Top of Extracted information
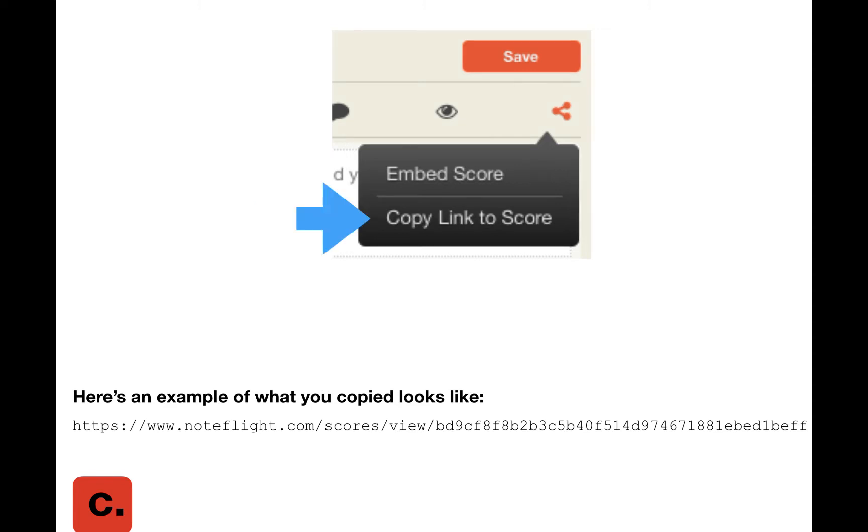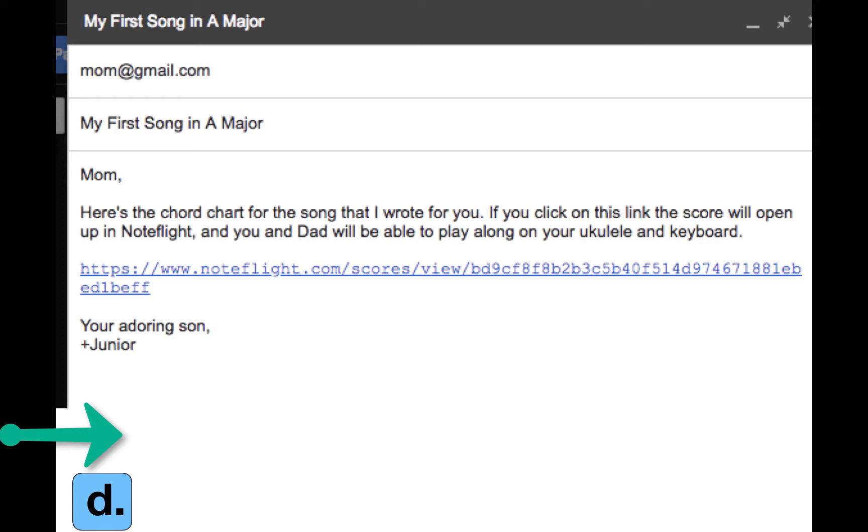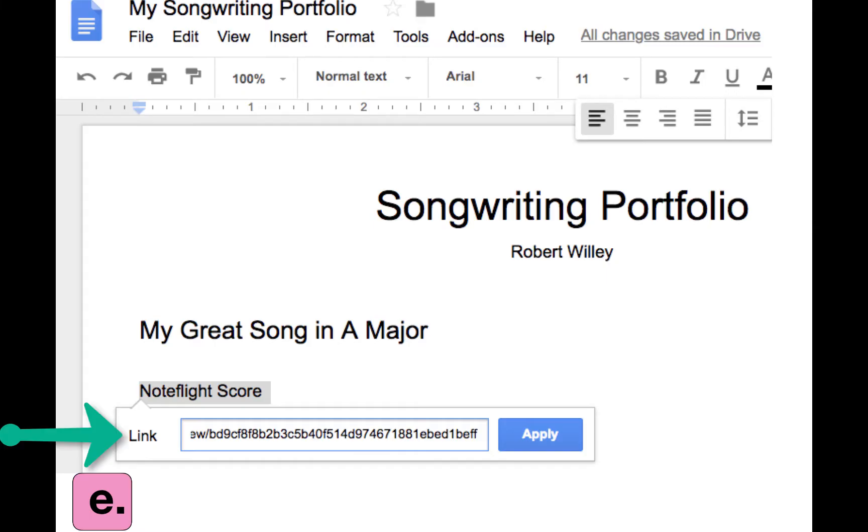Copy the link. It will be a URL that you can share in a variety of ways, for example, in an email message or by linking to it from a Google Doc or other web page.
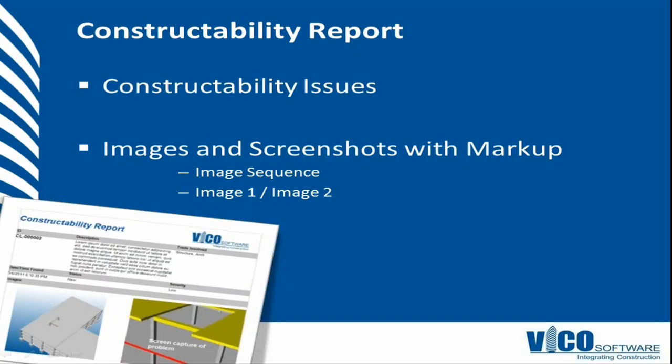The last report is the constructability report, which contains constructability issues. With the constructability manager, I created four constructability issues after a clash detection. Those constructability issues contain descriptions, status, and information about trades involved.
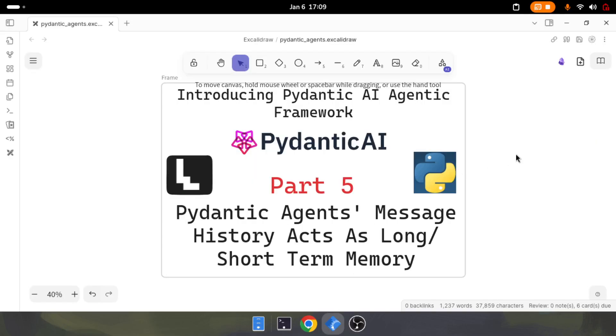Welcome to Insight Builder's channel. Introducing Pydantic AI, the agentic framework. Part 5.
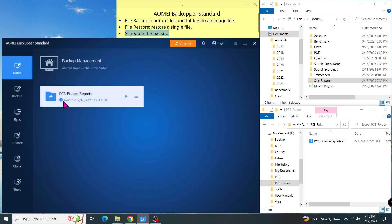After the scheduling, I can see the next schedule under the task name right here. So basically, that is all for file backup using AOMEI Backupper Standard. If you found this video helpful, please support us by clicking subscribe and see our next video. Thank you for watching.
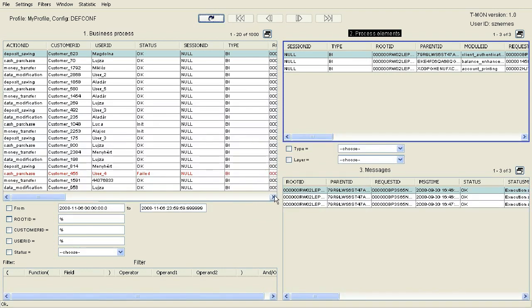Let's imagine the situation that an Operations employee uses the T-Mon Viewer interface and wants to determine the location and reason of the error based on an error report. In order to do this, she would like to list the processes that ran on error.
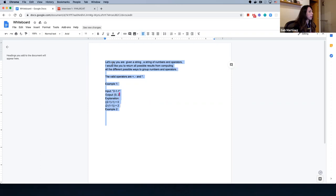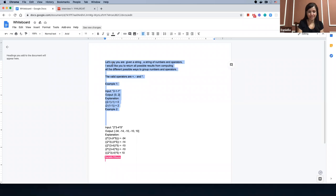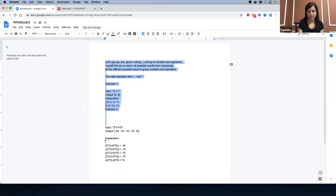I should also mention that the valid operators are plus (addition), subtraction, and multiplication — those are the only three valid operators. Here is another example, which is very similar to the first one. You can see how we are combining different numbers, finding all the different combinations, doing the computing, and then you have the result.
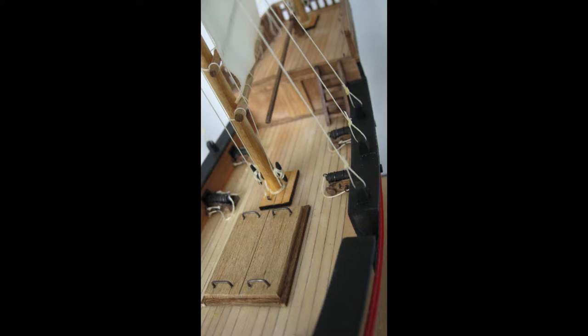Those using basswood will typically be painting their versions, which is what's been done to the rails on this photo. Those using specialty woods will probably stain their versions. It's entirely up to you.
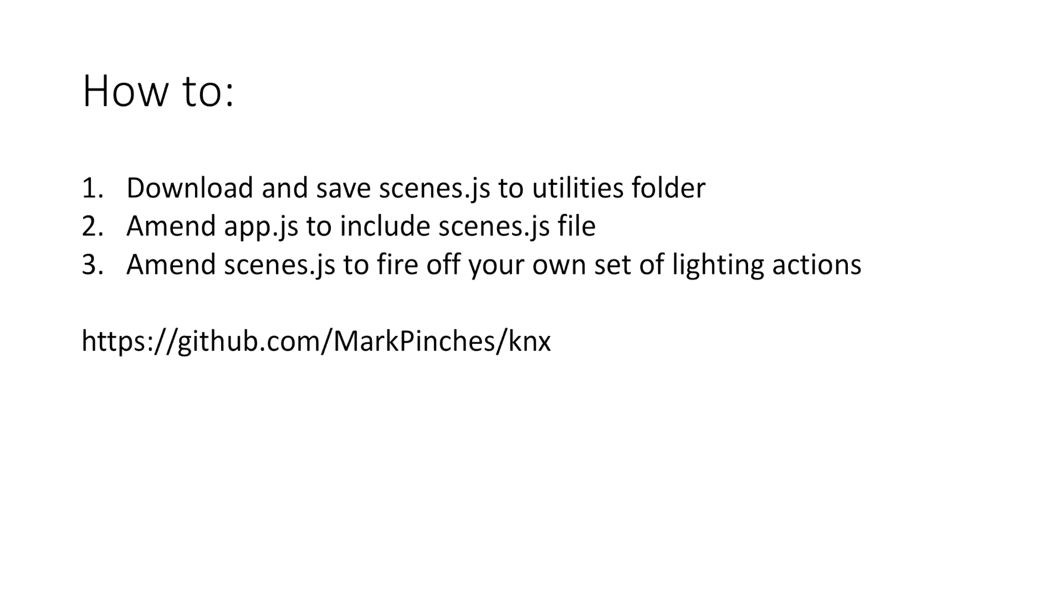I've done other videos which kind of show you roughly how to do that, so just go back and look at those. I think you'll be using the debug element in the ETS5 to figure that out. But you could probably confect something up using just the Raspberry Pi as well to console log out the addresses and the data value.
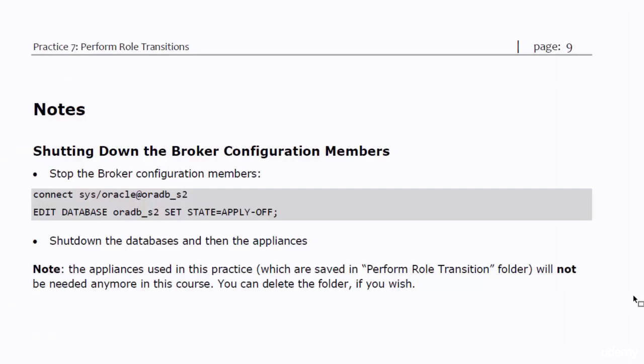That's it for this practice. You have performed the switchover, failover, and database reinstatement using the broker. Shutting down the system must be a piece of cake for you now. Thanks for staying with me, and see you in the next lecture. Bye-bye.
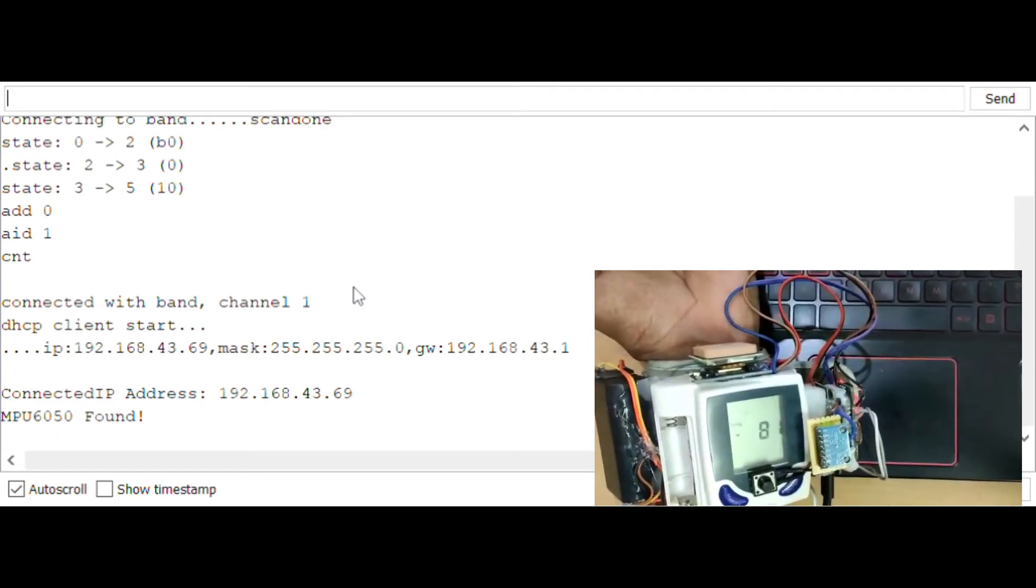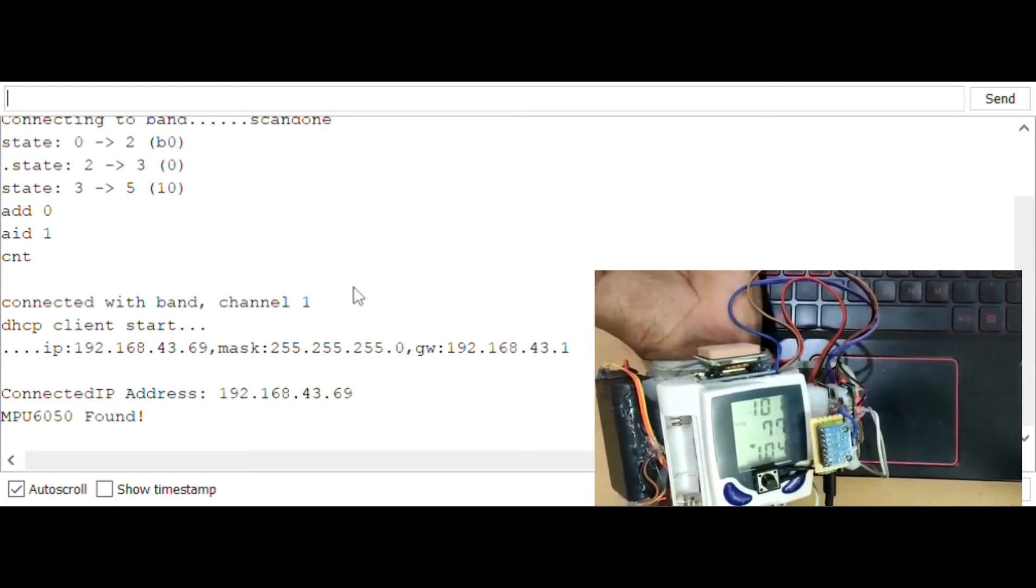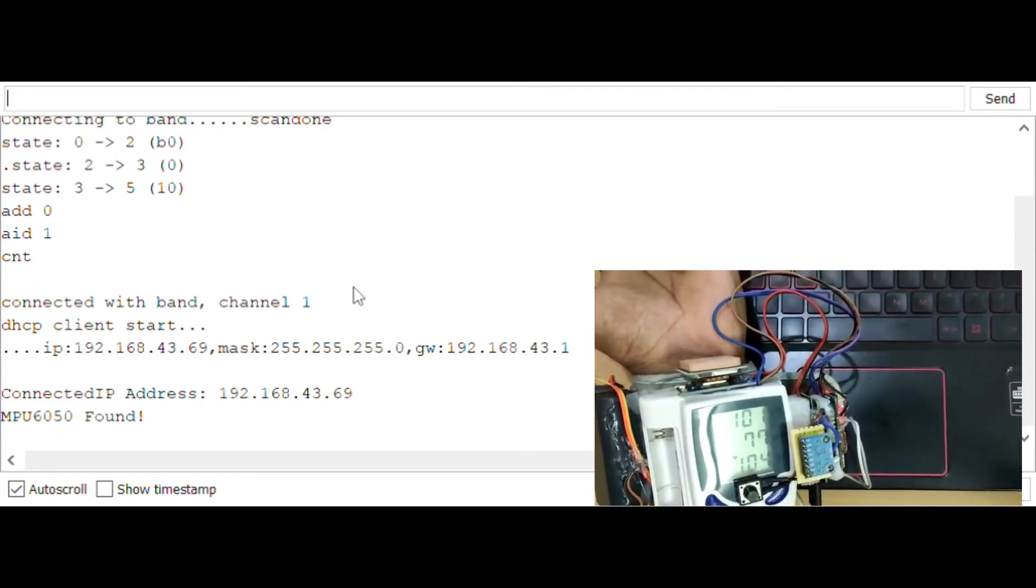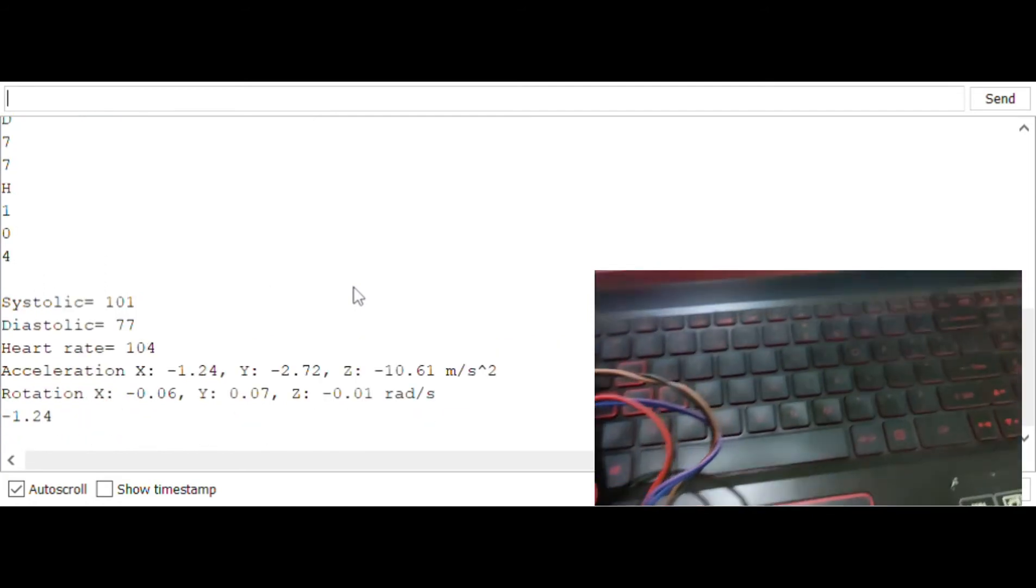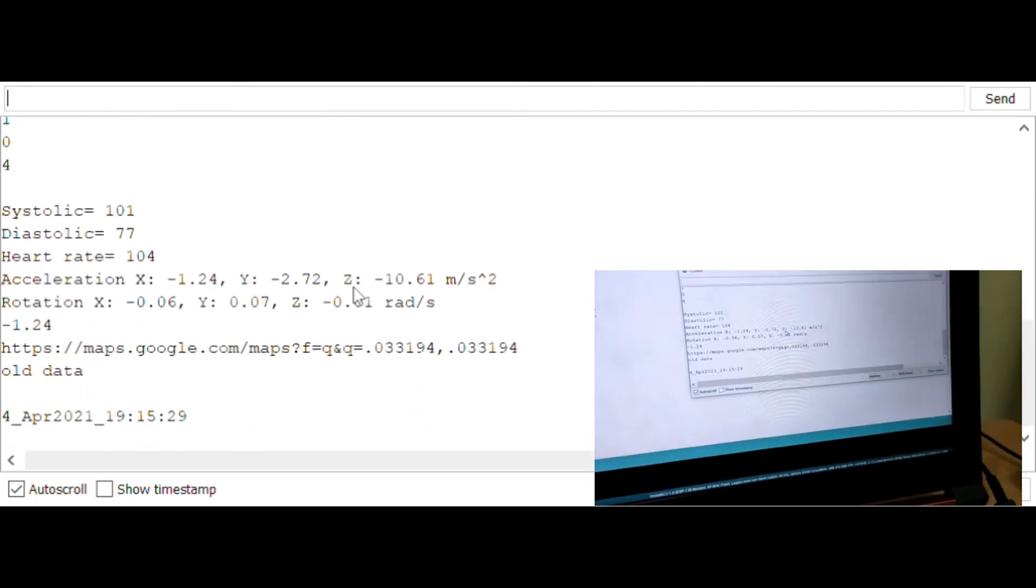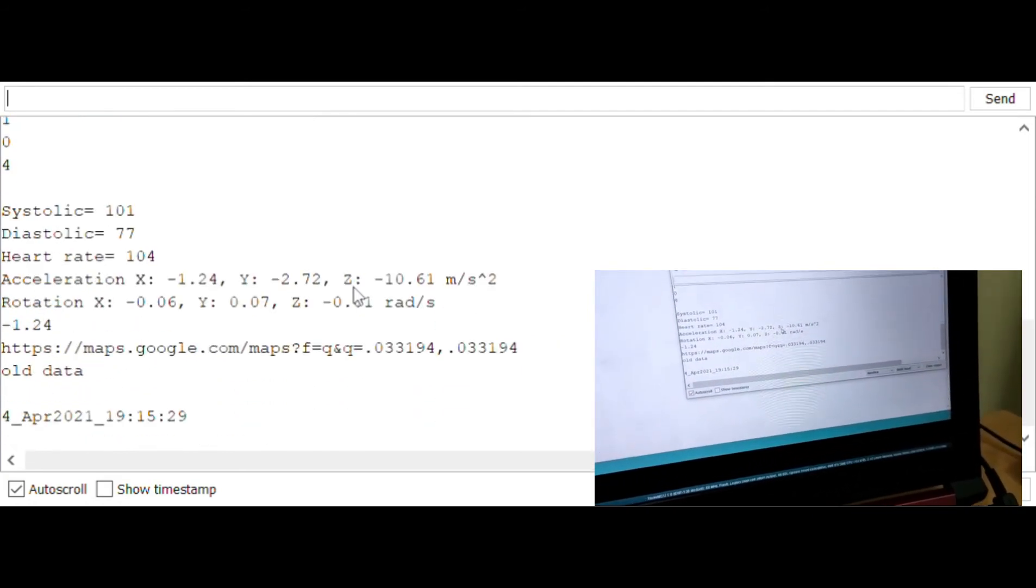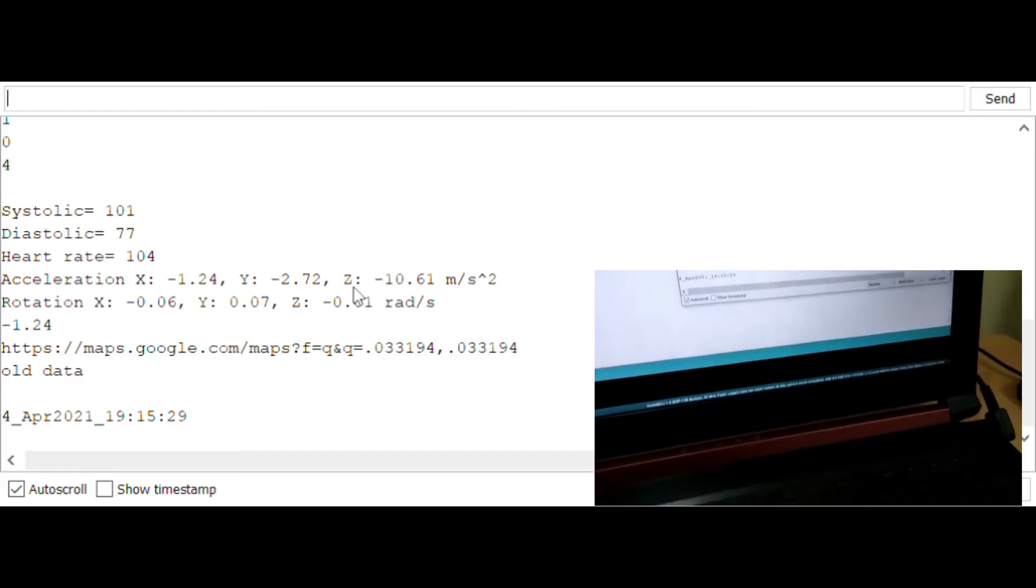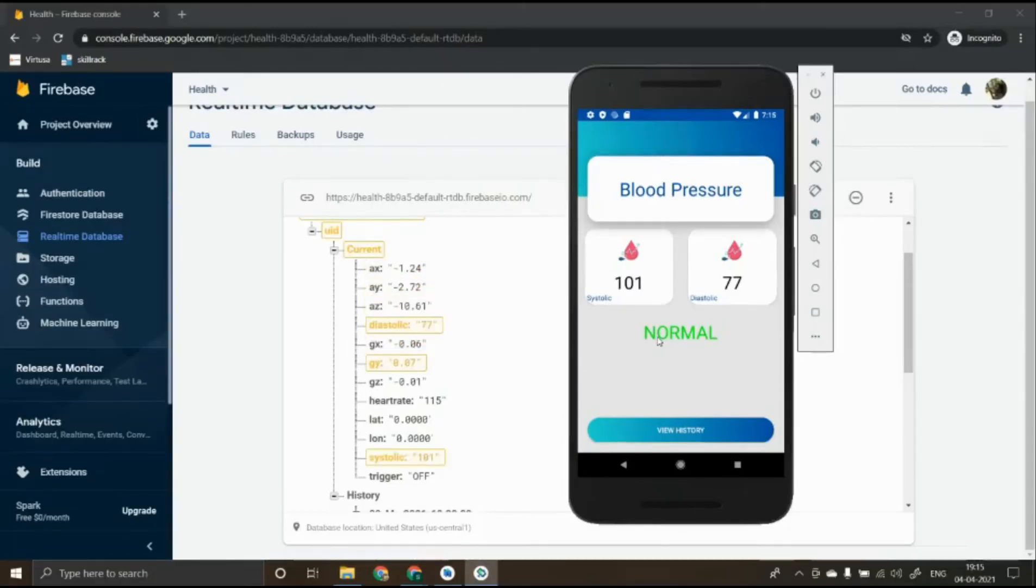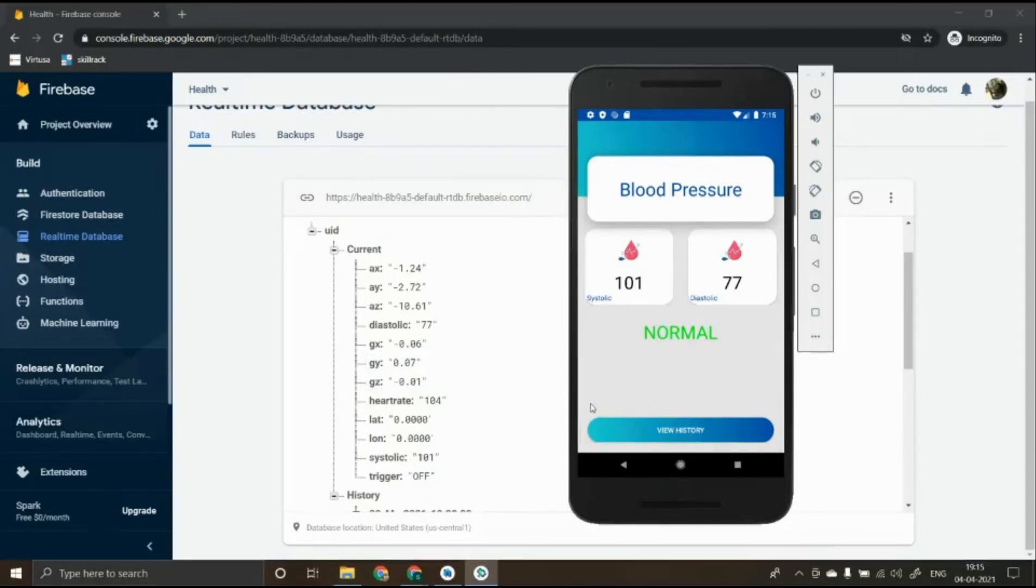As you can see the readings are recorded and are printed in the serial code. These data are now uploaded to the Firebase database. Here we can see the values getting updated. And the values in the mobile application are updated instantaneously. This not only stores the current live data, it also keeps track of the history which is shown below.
Bottom of Extracted information
Required work:
With the pictures omitted, set down each line exactly, starting at the first line of the records above and ending with the line that contains "Welcome to Insight".

Completed exercise:
Copy the link. It will be a URL that you can share in a variety of ways, for example, in an email message or by linking to it from a Google Doc or other web page.
The last report is the constructability report, which contains constructability issues. With the constructability manager, I created four constructability issues after a clash detection. Those constructability issues contain descriptions, status, and information about trades involved.
Welcome to Insight Builder's channel. Introducing Pydantic AI, the agentic framework. Part 5.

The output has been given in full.